2005 Salt Lake City Annual Meeting (October 16–19, 2005)

Paper No. 8
Presentation Time: 9:45 AM


WISE, Kurt P., Bryan College, Box 7802, Dayton, TN 37321-7000, wise@bryancore.org

The logarithmic-like increase in the number of young-age creation (YAC) books published since 1800, the increase in number of books written by YACists with earned doctorates, the growth in number of YAC professional organizations and YAC professional conferences and YAC professional journals, as well as the results of Gallop Polls since 1980, all suggest that YACism is thriving in the U.S. YACists will compose a significant minority of students in classrooms at all levels for decades to come. Thus it is suggested that educators develop methods which encourage peaceful coexistence between creationists and evolutionists in the classroom.

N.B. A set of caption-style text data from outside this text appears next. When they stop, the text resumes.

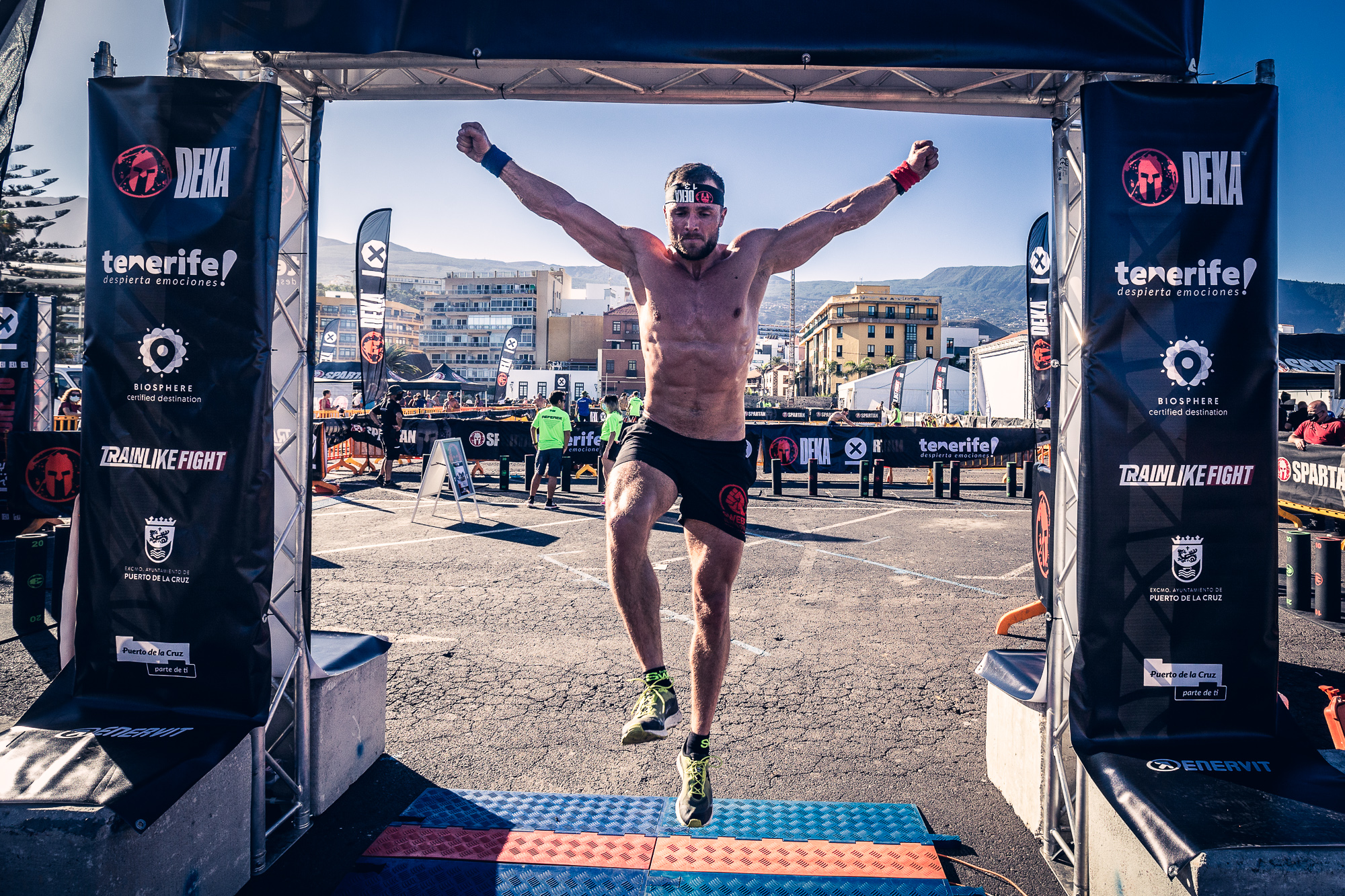 Athlete crossing the finish line in Tenerife competition, with banners and urban background.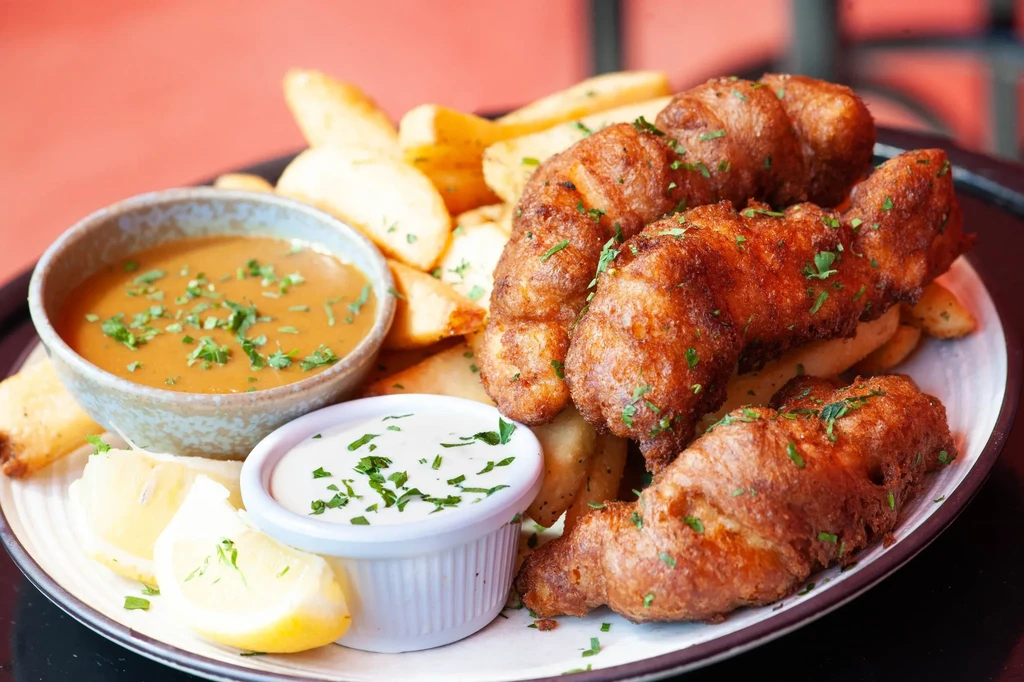 Golden-brown fried fish with fries, lemon wedges, and two sauces.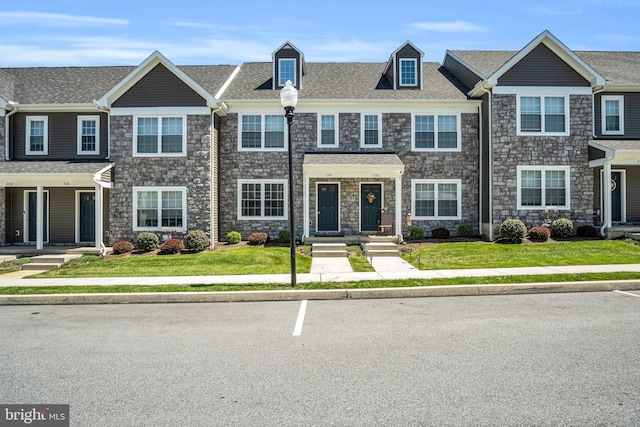 730 Farmwood Ln, Lebanon, PA 17042 - view of property featuring stone siding, a front yard, and roof with shingles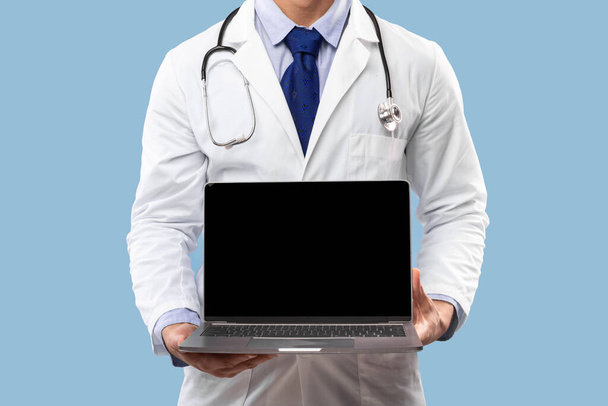 Arabic Male Doctor Showing Blank Laptop Over Blue Background, Cropped - 写真・画像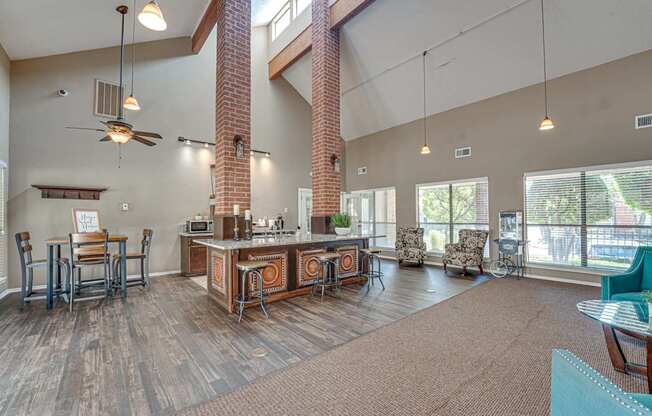 A living room with a kitchen area in the background.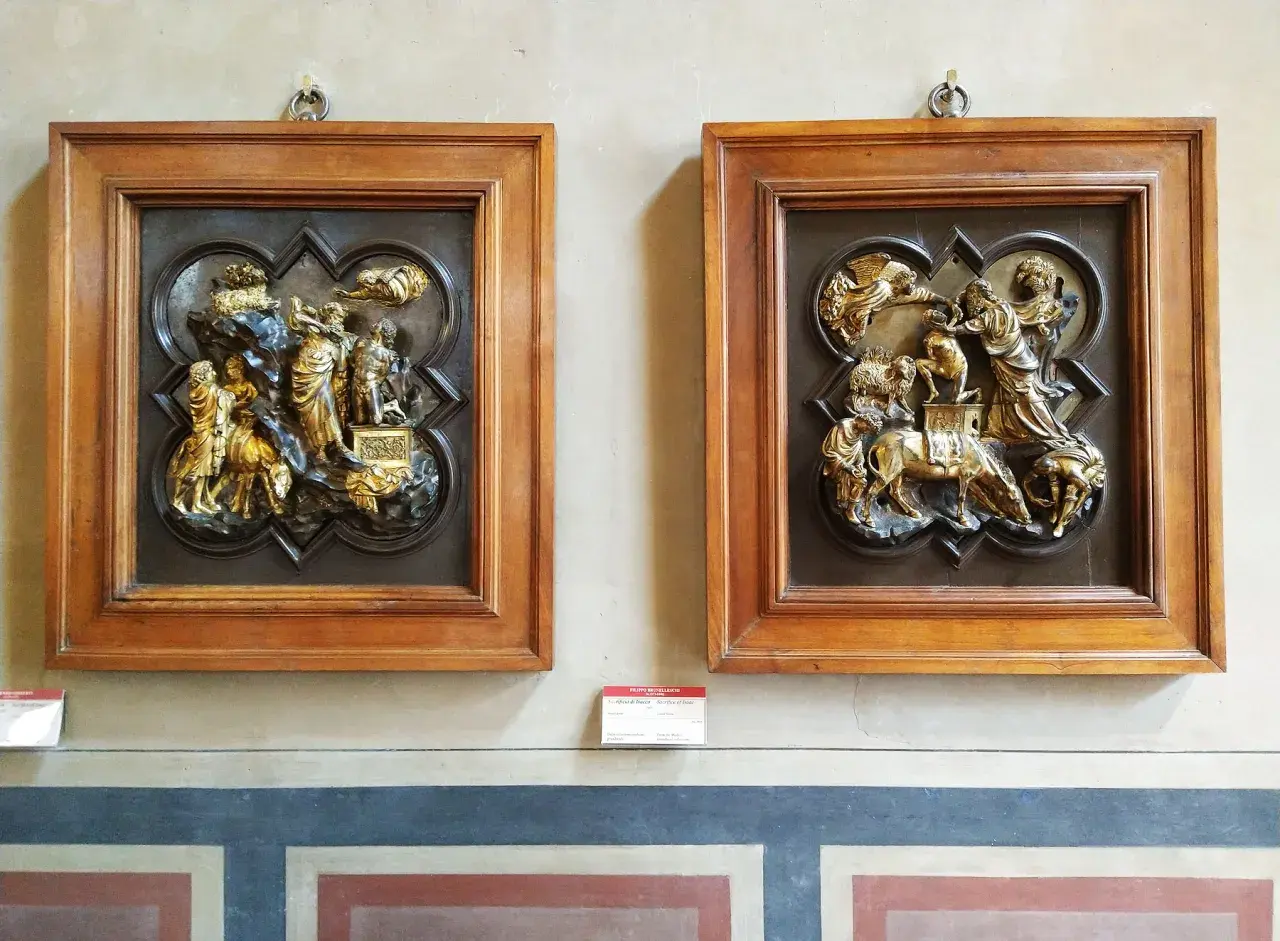 Due bassorilievi dorati incorniciati in legno, opere di Brunelleschi, raffigurano scene bibliche con figure umane e animali.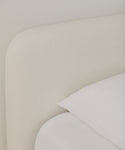 Close-up of the Cove Bed in ivory linen with a rounded, upholstered headboard and white Belgian Libeco linen bedding, highlighting its soft, minimalist design against a light wall.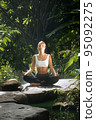 Portrait of young woman practicing yoga in tropic environment 95092275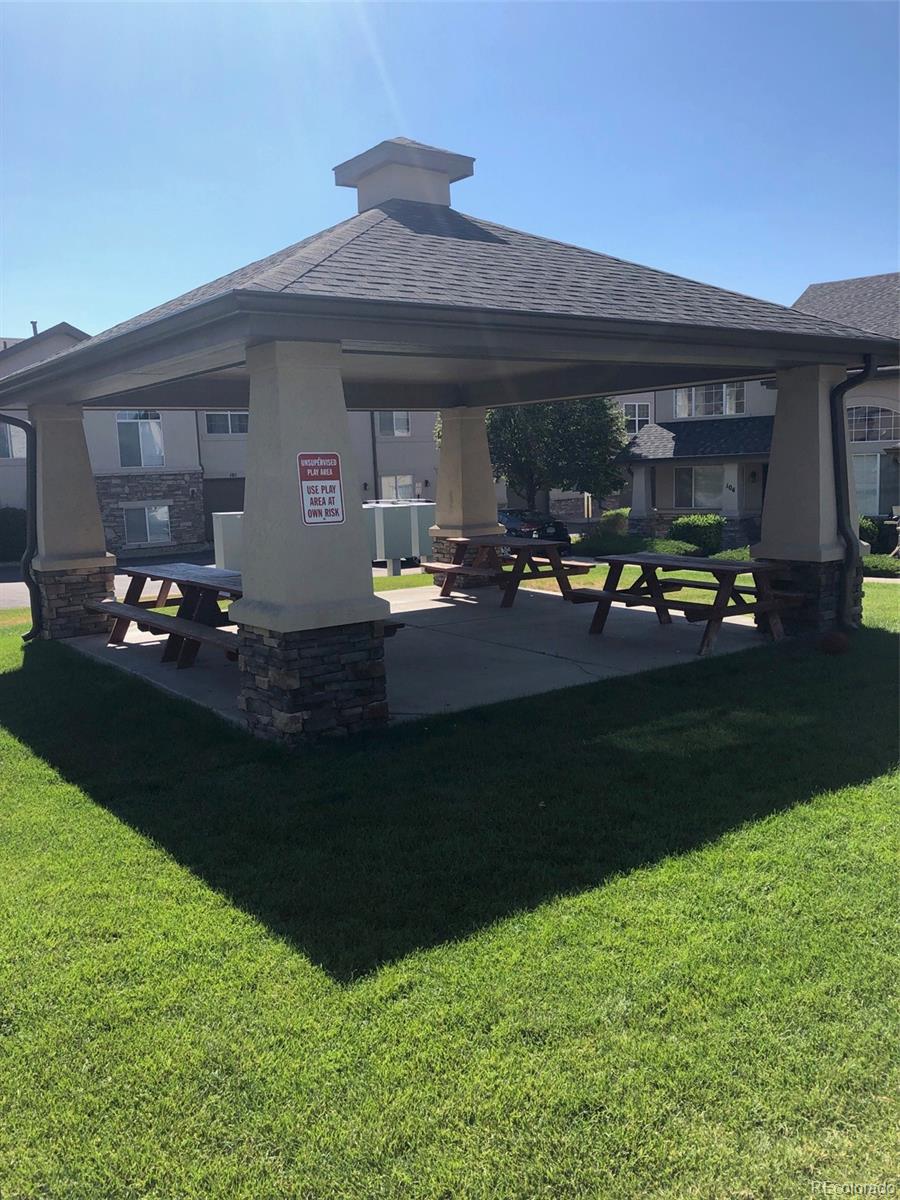 1335 South Chambers Road, Unit 101 Aurora, CO 80017 - Photo 38 of 40 a front view of a house with patio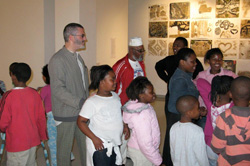 Mariconti and the children at the exhibition opening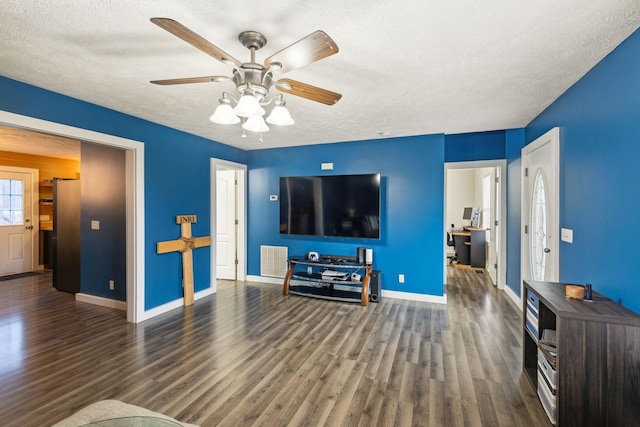 living room featuring a textured ceiling, wood finished floors, visible vents, and ceiling fan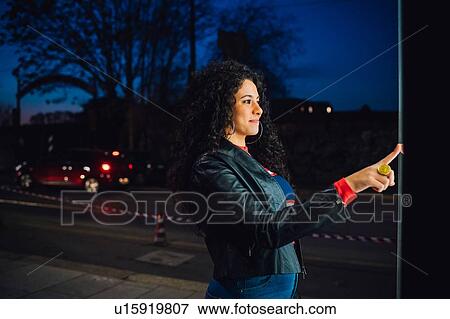 Mid adult woman with long curly hair using illuminated touchscreen at city bus stop at night View Large Photo Image Stock Photo - Mid adult woman with long curly hair using illuminated touchscreen at city bus stop at night. Fotosearch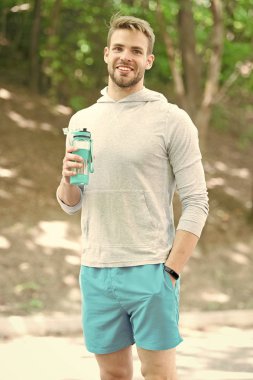 Adam atlet şişe bakım nemlendirici vücut egzersiz yaptıktan sonra tutun. Büyük iş sonra ferahlatıcı vitamin içeceği. Adam atletik görünüm su şişesi tutar. Sporcu içmek su Park eğitimden sonra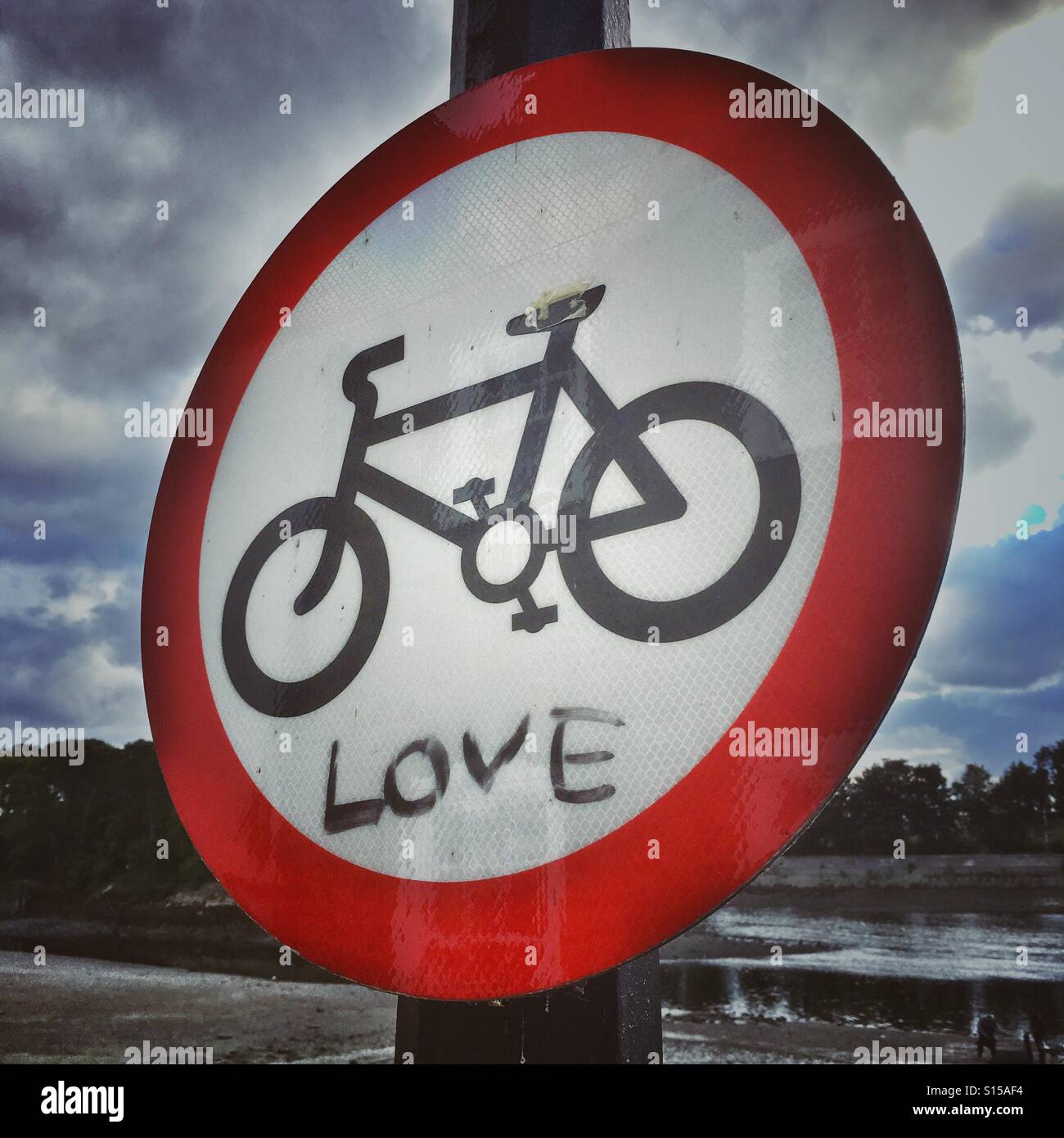 Love Graffitti on an public street sign allowing cycling on a public path and warning pedestrians - Smartphone Captured Stock Image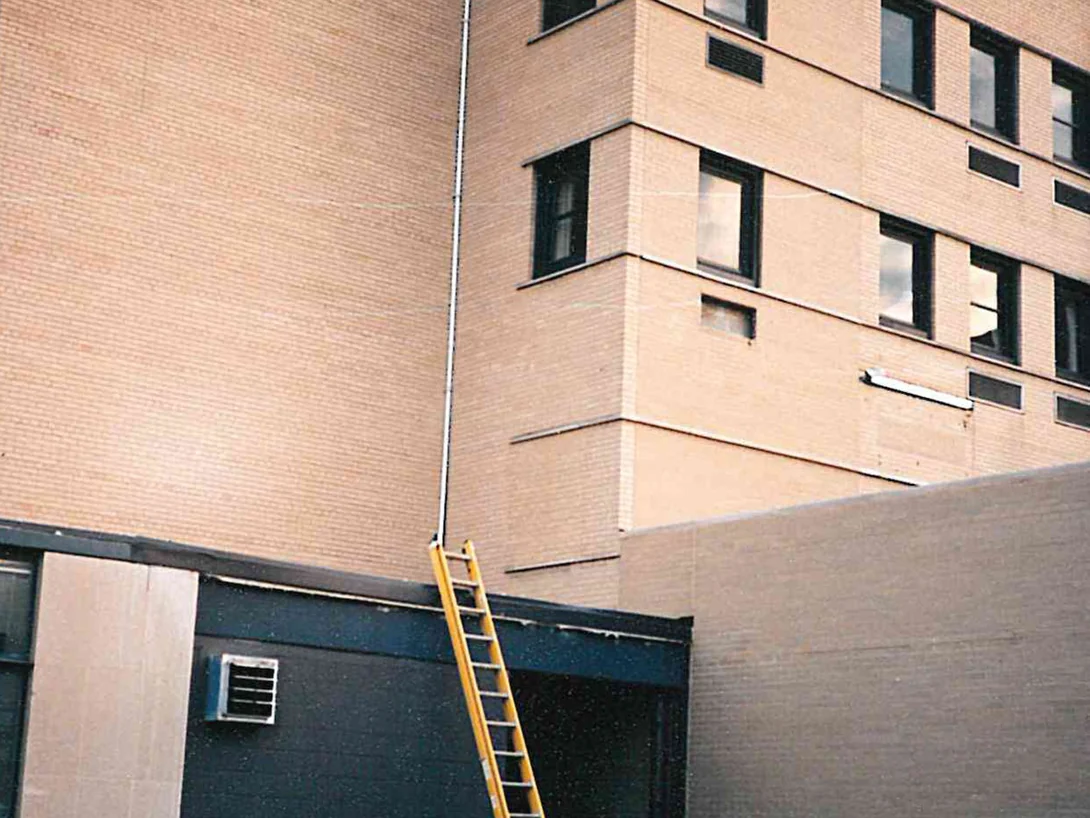 The same wall in 1997 after staining, the large panel now reading the same warm tan as the corner block beside it, the ladder still leaning on the roof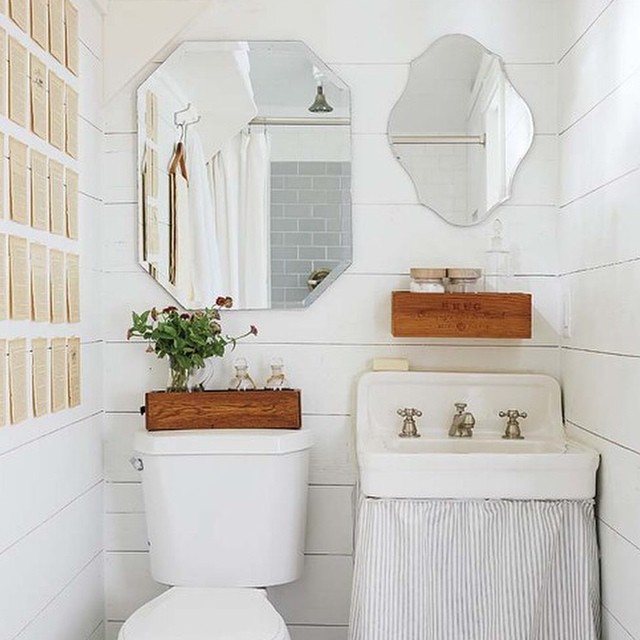 Bathroom with Flowerbox on Toilet Tank. Photo by Instagram user @designsponge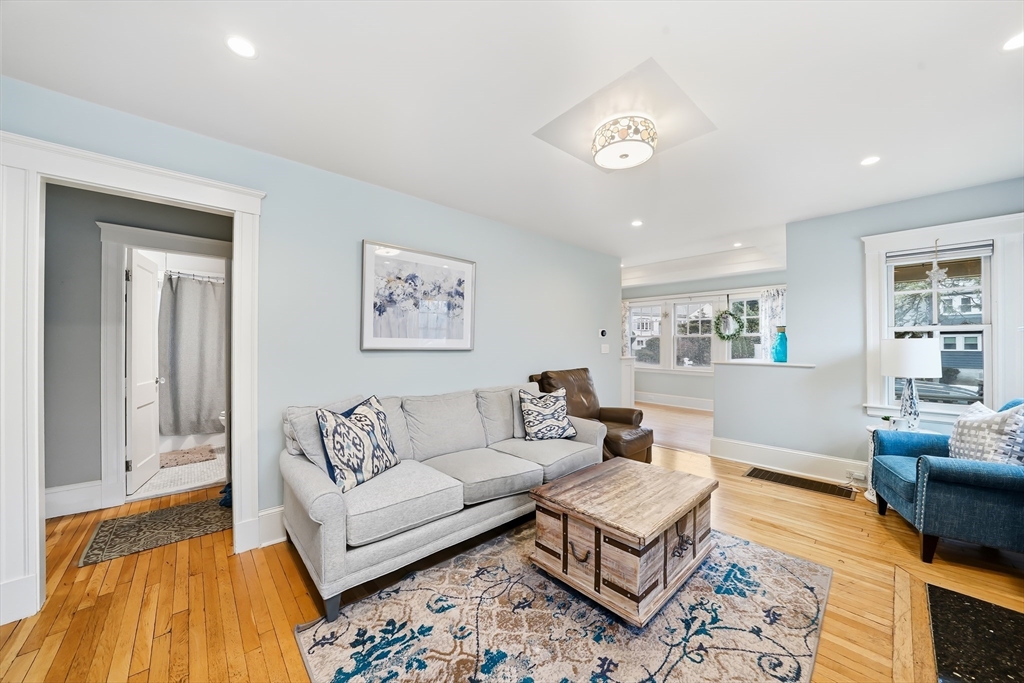 4 Wescott Road Stoneham, MA 02180 - Photo 7 of 42 a living room with furniture and a table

A survey of textbooks indicates that virtually all make incorrect statements about creationism which YACists find inflammatory. Since history indicates that Christianity has expanded during times of persecution and many specific legal battles perpetrated by YACists are in response to inflammatory comments, suggestions of higher antagonism against creationists would likely be counterproductive. Rather, it is recommended that educators increase the accuracy and sensitivity of comments about YACism. Consultation with competent YACists can lead to increased accuracy without having to include YAC claims.

Since YAC epistemology accepts Biblical claims over physical evidence and human reason, logical or evidential arguments for evolution and/or against YAC are likely to be ineffective in converting most YACists. This is consistent with repeated examples of YACists receiving the highest training as YACists, as well as the growth of the YAC movement despite better arguments against creation and for evolution. For the YACists in the classroom, acceptance of evolution is not an achievable educational goal. At the same time, teaching of alternative positions (including evolution) is embraced in virtually every YAC institution. Therefore, improving arguments and evidences for evolution will strengthen evolutionary claims without enraging YACists. The education goal recommended is increased familiarity with evolution and its evidences, while evaluation should be based upon cognitive knowledge, and not beliefs.